# A dude and his lawn - Looking for help understanding test results



## jjainseattle (Jun 8, 2020)

Long time lurker first rarely a poster...

Looking for some help understanding the results of soil testing and what I should be doing here as we head toward winter to prepare for spring.

I've got a decent lawn - Lots of problems but overall pretty happy with it,..

I have a few thin spots and the soil is pretty darn compacted.

Thought i would start with a soil analysis and then begin the process of getting the soil into shape in advance of a spring freshening up Photos of the front and back lawns are here:



























My soil analysis hs here:

Front lawn - 

Back Lawn - 

Thanks in advance for the valuable input that I am certain you all will provide!


----------



## Virginiagal (Apr 24, 2017)

Put down 50 lb per 1000 sq ft of dolomitic lime in late fall before the ground freezes. If you use a fast acting lime, follow the bag directions on how much to apply at a time. Ordinary lime can be applied at 50 lb per 1000 sq ft. and that's all you need. One application and you are done for a few years.
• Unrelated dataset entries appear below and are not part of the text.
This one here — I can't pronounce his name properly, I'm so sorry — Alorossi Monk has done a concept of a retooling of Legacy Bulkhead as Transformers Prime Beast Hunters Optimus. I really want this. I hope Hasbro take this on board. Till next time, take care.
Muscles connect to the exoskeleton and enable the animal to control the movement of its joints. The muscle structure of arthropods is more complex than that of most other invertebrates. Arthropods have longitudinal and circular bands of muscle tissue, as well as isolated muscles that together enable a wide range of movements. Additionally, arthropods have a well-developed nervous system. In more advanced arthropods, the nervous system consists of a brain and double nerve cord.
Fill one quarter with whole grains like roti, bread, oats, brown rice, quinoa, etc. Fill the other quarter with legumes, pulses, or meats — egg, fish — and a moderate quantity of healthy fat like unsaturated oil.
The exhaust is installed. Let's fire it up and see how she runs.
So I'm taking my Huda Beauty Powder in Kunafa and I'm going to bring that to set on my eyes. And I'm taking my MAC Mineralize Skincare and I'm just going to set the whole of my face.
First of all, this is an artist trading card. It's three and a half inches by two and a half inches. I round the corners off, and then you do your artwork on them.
You need potassium. Can you find 0-0-50 (SOP Sulfate of Potash)? You need 4.5 lb per 1000 sq ft over the year, so do 5 applications, four at 2 lb per 1000 sq ft (which will supply 1 lb of K2O per 1000 sq ft) and one at 1 lb per 1000 sq ft. The front yard needs 1 lb of phosphate. The easiest way to get it is with a balanced fertilizer like 10-10-10. Instead of one of the potassium applications for the front, use that to put down 1 lb of nitrogen, phosphorus, and potassium. How much you use depends on the particular NPK numbers. They are percentages of each nutrient in the product. You could also use a starter fertilizer.

In general don't apply more than one lb of any nutrient per 1000 sq ft in a month. Water in applications. Your CEC numbers are very good. Your soil should hold onto nutrients well. Very lovely grass.


----------



## jjainseattle (Jun 8, 2020)

Wow...Thanks for the info Virginiagal - Will search for those products.
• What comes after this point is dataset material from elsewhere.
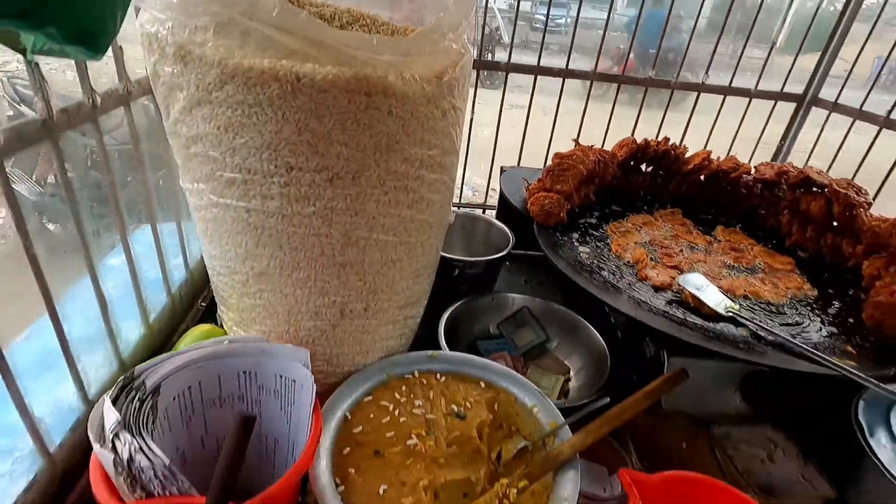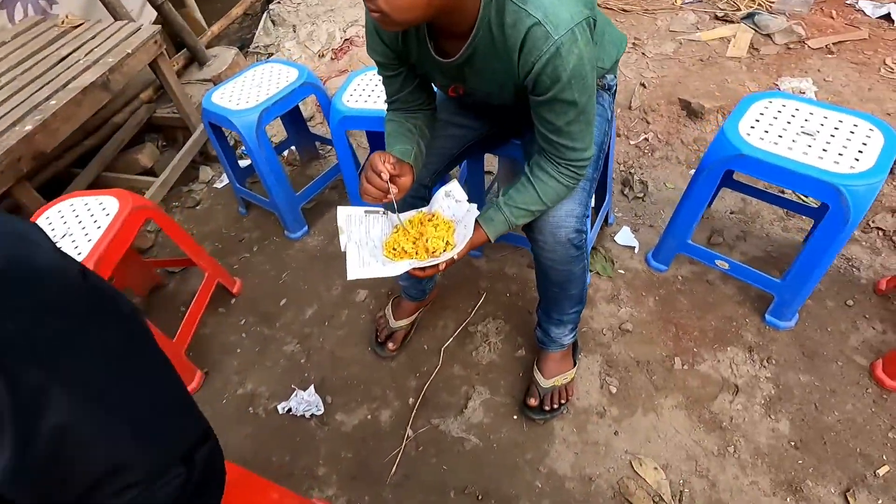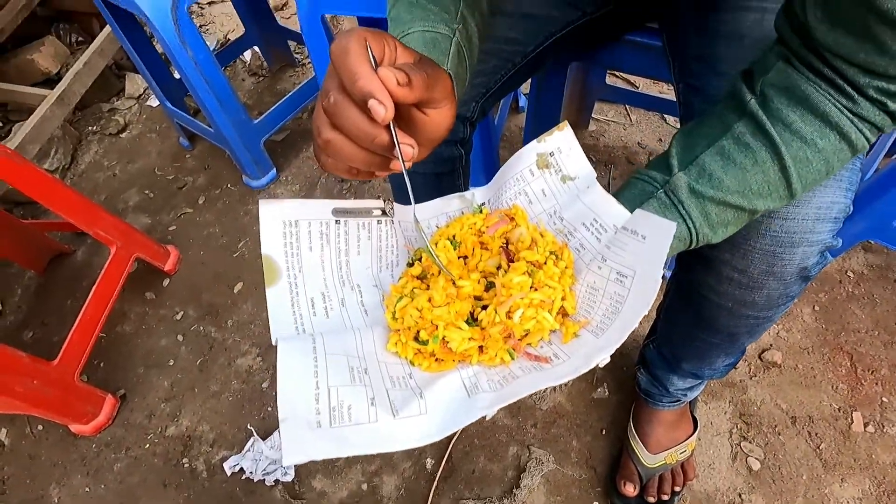I'm going to make a lot of food. Taste carbon?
Was also thinking about beginning to put down Milorganite a couple of times a year to push the health of my soil a bit.


----------



## jjainseattle (Jun 8, 2020)

One other Q here - Am I ok to apply all of this in the next week or so? Of course at the recommended coverage numbers.


----------



## Virginiagal (Apr 24, 2017)

I'm not familiar with your climate so I found this guide from Washington State:
https://s3.wp.wsu.edu/uploads/sites/2062/2014/04/eb0482.pdf?x96359
Page 7 addresses when to fertilize. It's completely different from Virginia where most fertilizer should be done in the fall. Did you do fertilizer around the first part of September? The SOP is not going to push growth and that could be done most anytime spring through fall, unless you have long periods of snow cover in the winter. If so, save it until spring as it could contribute to snow mold if you have prolonged snow cover. Lime could go down now. Milorganite needs warm weather for the microbes to do their thing. If you use Milorganite, you can get some or most of the phosphate you need from that.


----------



## jjainseattle (Jun 8, 2020)

Not much snow at all - If there is any it's generally gone within a couple of days of it falling.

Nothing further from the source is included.